There is life in our faith and not ephemeral but everlasting. There is love in the Lord’s touch, in his eyes. There is movement in his hands and speech in his mouth. There is compassion in his heart—there is certainly that. In Nain he raised a widow’s son like Elijah of old had done in Zarephath. You could almost hear the prophet’s heart as he cried out, “O God, let your life-breath come back to him.” Stretching himself over the boy because what else could he do? In dramatic moments dramatic gestures are always appropriate; it reveals the confidence and the reverence Elijah had toward God, but also the disparity of his heart and also the total investment of his body, heart and soul in his prayer.
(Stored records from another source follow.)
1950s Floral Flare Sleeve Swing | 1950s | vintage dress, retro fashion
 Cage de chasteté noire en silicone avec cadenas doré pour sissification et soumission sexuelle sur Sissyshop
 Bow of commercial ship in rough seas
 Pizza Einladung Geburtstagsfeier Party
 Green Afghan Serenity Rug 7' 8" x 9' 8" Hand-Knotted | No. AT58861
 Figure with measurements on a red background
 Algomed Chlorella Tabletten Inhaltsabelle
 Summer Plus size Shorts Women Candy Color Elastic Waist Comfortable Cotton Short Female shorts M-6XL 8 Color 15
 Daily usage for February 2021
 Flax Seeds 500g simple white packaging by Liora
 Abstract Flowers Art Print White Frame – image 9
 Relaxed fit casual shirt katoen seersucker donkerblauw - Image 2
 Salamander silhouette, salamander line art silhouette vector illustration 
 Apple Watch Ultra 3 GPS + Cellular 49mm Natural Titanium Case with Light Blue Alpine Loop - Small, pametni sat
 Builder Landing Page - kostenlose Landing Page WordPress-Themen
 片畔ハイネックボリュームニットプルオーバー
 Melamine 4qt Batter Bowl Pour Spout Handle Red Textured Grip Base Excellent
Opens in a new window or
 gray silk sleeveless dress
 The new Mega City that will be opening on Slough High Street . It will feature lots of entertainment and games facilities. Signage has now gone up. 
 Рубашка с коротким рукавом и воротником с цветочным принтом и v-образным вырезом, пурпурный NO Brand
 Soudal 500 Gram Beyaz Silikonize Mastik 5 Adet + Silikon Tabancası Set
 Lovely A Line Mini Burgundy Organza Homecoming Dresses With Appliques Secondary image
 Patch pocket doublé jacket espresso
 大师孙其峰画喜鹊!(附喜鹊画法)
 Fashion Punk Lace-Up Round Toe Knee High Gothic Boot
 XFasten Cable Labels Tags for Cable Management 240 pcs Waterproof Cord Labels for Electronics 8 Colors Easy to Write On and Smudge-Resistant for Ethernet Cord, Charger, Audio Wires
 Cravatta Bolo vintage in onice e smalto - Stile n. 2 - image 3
Jesus raises the son of the widow in a manner dramatic for its subtleties rather than its grand gestures. Its in the way you hear him say gently to the widow, “do not weep,” and placing his hand on the bier, the bearers stand still, and I hear him nearly whispering to the boy, “young man, I say to you arise: like how caressing Jarius’ daughter, he takes her hand and says, “little girl, arise,” and they do. It’s almost as if they’re doing him a favor like a child coming out of slumber at his parent’s command despite a confused state of lingering sleepiness. It’s beautiful because it’s delicate. The resurrection of life is here almost as fragile as its cessation, but what, in reality, what could be powerful?
The miracles reveal different aspects of God: the first his majesty and power, the second his closeness and intimate tenderness. For us we see how God likes to work through compassionate hearts tender and capable of being moved, and confident that in crying out or merely whispering, they will be heard. Yes, they will be heard because there is life in our faith not ephemeral but everlasting.